When he started moving inside of me, he was looking down, into my eyes. He had a faint satisfied smile on his face as his breathing picked up. He came fast and laughed. He said, “Was that too fast?”
I replied, “No, it made me feel good.”
He was sated and sleepy-eyed, smiling at me. “I love you.”
“I love you, too,” I told him.
“I have to go in a few minutes,” he said regretfully. His callused fingers ran up and down my side, like he was touching the most delicate of objects.
I started giggling and he started laughing.
“I thought you weren’t ticklish,” he said. “You know why people are ticklish in certain spots? It’s because our bodies are designed to automatically protect our important vital arteries and organs: under the neck, behind t
he knee for your femoral artery, under your arms for your head—”
“I know. You told me that already.” But he hadn’t. I had learned it in medical school.
He moved off me completely, taking away his warmth. “I have to go,” he said, kneeling before me.
“Don’t say that—you always say that.” I started crying quietly, tears pouring from my eyes, down my cheek, and then dripping onto the pillow.
His eyes welled up, too. He never cried, but they were tears of empathy. “Don’t cry, please,” he said in a soft, soothing voice.
“Why are you leaving?”
“I have to, Laya. I have to go practice.”
“Practice for what?”
“You know . . . I don’t have to tell you.”
He got up and started to get dressed. “But why?” I didn’t understand. “Don’t you want to stay with me?” His room seemed emptier; his equipment had disappeared. The sun was gone and a light outside—the moon, maybe—threw long shadows in the room, across Cameron’s face.
At the doorway, he turned back, half-dressed. He said, “I can’t.” He didn’t seem happy about my request.
“But we just had sex.”
He shook his head. “Are you still using that as a bargaining chip?”
“I never do. I just want you to stay so bad. I didn’t mean it that way. I meant that I’m emotional about it. Don’t you feel the same way?”
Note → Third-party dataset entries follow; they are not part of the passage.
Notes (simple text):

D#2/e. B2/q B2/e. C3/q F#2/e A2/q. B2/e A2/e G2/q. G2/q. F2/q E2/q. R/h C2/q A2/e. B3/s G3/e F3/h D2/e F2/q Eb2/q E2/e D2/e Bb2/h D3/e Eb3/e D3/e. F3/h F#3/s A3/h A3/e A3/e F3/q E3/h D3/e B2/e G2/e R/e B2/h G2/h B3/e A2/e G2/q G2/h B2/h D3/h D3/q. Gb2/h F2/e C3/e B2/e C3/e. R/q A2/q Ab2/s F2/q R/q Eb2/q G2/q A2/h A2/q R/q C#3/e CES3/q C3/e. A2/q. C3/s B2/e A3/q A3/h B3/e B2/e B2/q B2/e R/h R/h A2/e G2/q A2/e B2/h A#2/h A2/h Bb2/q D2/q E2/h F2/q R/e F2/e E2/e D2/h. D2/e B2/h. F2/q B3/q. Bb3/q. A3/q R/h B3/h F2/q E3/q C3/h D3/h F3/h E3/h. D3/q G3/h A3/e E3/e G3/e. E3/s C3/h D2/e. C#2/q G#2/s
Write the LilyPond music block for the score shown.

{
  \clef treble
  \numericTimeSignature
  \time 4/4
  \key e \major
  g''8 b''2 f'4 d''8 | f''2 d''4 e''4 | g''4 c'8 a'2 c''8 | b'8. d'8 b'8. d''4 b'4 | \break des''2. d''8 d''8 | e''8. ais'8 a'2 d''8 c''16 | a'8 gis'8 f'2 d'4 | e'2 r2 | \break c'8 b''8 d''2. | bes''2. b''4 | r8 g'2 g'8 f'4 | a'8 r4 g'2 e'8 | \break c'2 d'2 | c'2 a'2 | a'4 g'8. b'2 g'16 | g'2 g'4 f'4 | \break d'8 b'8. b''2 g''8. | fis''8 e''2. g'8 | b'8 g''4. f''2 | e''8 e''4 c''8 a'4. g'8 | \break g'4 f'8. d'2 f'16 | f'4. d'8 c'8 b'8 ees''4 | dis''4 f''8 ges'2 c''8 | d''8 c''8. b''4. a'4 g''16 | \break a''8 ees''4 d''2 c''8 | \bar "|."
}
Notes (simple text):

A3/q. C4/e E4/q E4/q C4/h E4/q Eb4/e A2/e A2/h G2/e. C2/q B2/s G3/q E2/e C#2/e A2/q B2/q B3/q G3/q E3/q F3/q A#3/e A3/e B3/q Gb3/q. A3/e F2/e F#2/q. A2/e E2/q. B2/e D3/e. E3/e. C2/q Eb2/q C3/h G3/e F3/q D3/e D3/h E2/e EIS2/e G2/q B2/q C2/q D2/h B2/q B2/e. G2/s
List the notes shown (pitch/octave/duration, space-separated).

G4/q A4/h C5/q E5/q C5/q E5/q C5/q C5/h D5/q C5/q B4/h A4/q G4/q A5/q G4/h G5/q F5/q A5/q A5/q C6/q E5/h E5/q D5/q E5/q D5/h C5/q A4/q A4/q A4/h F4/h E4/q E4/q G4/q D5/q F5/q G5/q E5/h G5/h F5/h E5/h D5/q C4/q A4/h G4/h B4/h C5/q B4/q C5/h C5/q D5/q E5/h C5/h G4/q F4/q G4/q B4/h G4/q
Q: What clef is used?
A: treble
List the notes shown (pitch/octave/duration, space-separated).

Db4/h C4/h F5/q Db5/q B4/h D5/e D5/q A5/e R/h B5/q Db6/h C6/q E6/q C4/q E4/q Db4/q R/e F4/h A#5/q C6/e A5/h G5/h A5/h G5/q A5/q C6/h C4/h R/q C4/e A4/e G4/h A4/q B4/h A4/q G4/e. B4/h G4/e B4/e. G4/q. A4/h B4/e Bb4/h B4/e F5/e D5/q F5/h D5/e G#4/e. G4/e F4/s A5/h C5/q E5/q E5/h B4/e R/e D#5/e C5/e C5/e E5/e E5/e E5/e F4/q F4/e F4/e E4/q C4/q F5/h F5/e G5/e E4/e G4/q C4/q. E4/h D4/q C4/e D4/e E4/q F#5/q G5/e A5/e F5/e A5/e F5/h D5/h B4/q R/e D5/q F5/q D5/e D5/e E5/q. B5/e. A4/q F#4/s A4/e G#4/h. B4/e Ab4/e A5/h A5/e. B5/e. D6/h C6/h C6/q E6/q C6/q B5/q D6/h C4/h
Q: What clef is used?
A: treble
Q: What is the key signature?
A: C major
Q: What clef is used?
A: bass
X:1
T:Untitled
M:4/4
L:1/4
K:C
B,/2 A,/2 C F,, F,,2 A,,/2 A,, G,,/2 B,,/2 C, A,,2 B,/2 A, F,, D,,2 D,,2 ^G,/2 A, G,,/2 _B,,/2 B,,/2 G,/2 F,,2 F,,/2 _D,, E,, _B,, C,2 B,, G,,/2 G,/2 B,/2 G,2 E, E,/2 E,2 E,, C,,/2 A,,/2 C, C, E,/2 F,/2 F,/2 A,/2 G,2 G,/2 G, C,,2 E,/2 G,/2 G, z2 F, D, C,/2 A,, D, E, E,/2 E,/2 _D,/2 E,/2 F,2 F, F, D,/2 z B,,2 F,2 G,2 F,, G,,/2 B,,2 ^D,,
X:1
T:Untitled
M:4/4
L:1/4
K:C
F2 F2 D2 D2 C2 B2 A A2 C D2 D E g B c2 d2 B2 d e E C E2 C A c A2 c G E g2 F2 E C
What did he mean by “still” anyway? That was never my intention.
He stared. “Laya, sex is arbitrary. It’s just an expression. But I love you, I do.”
“That is such a contradictory statement.”
He laughed. “Are you trying to outsmart me?”
“You’re leaving me alone. Again.”
It felt like the beautiful thing we had just shared, all feelings and emotions, him looking into my the eyes, drawing me in, telling me I was beautiful and that he loved me, meant nothing to him once he knew I needed validation in other ways.
“I want to stay, too, Laya. I don’t want to leave you, but it’s time. I’m sorry.”
“I don’t believe you want to stay or you would. All your sorrys are starting to blend together into a massive pile of disappointment.” My voice sounded distorted—like it was coming through a PA system. It was my voice and it wasn’t. “Where are you going to practice? I mean really, right now? What is so important that you have to leave right this second at two in the morning? You can’t talk to me? Lie here with me so we can feel warm again? It means a lot to me . . . what we do, here in this room, Cameron. Sex isn’t arbitrary to me. It always meant a lot to me.”